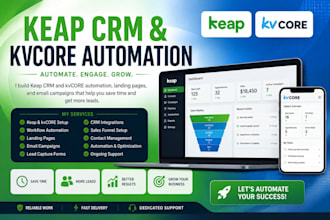 build keap CRM, kvcore automation, landing pages, and email campaigns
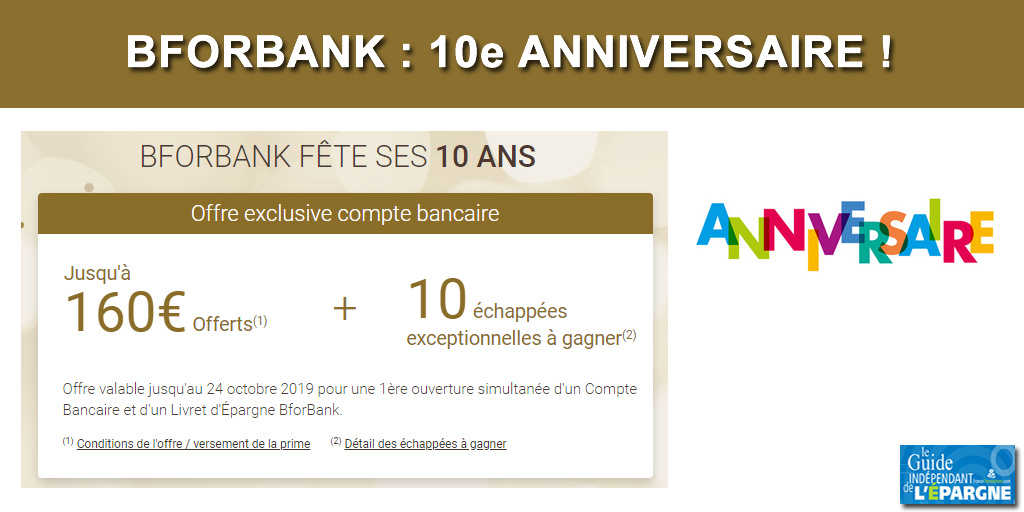 10e anniversaire de BforBank : des offres exceptionnelles, 10.000€ de prix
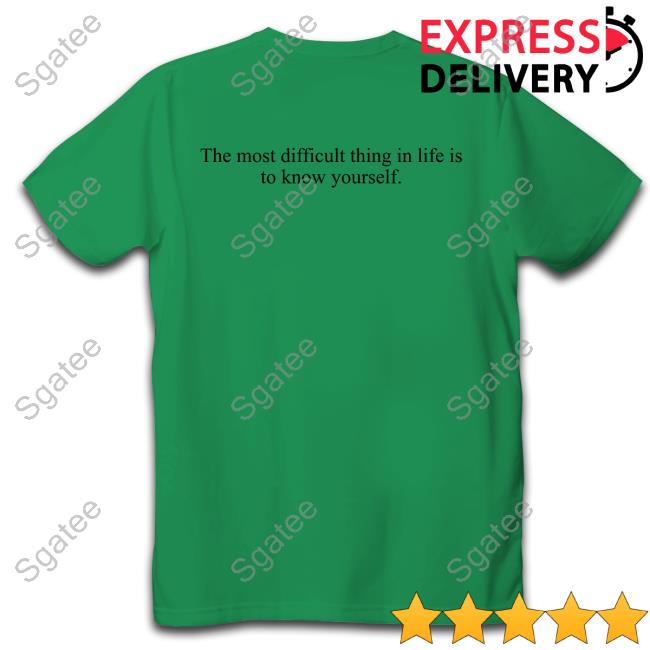 The Most Difficult Thing In Life Is To Know Yourself Tee Shirt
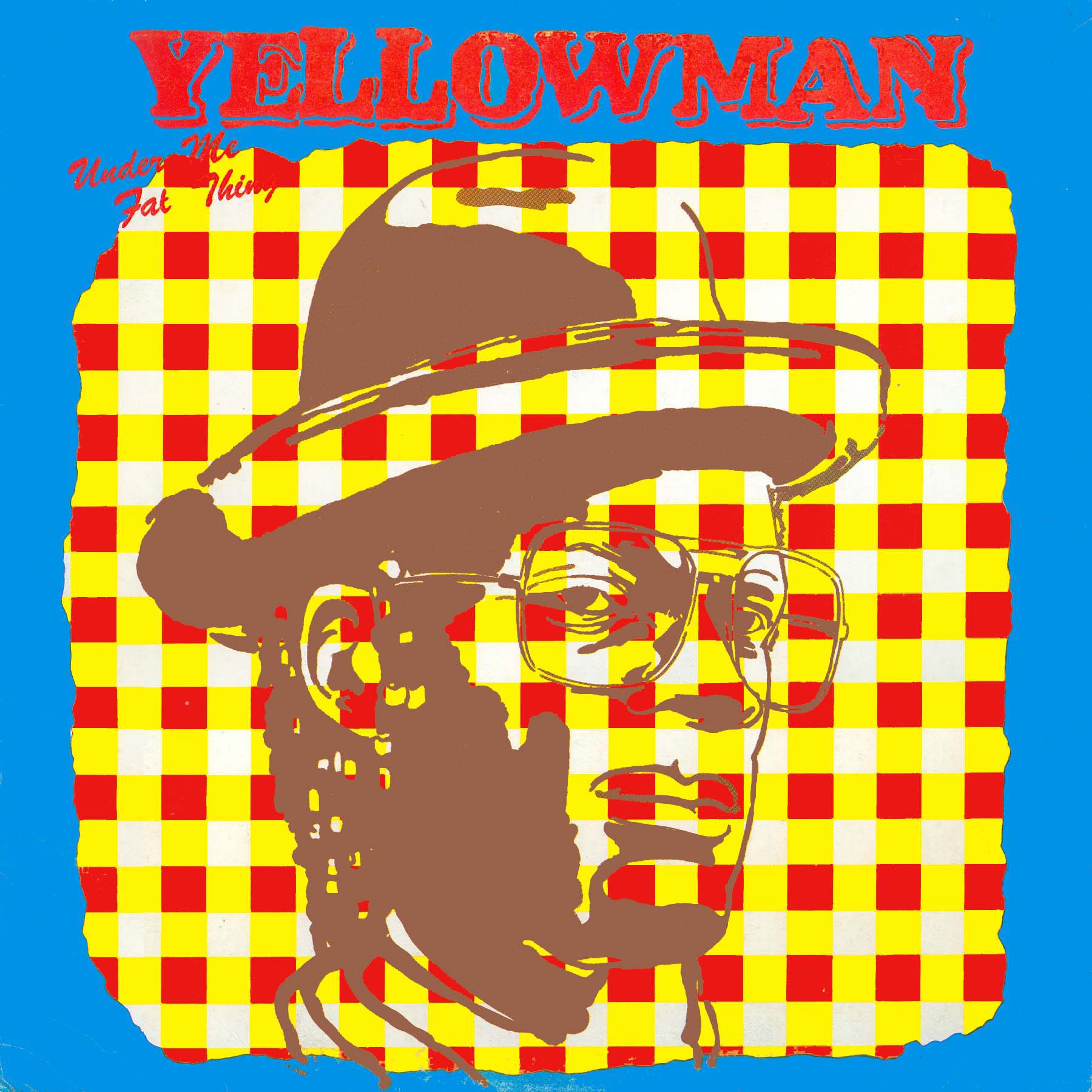 YELLOWMAN - Under mi fat thing (1985)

○ ○ ○ ○

What you will do
Starting at the line that contains "10e anniversaire de", output every line through the end of the data, both ends included, and nothing else; pictures stay out.

Exercise response
 10e anniversaire de BforBank : des offres exceptionnelles, 10.000€ de prix
 The Most Difficult Thing In Life Is To Know Yourself Tee Shirt
 YELLOWMAN - Under mi fat thing (1985)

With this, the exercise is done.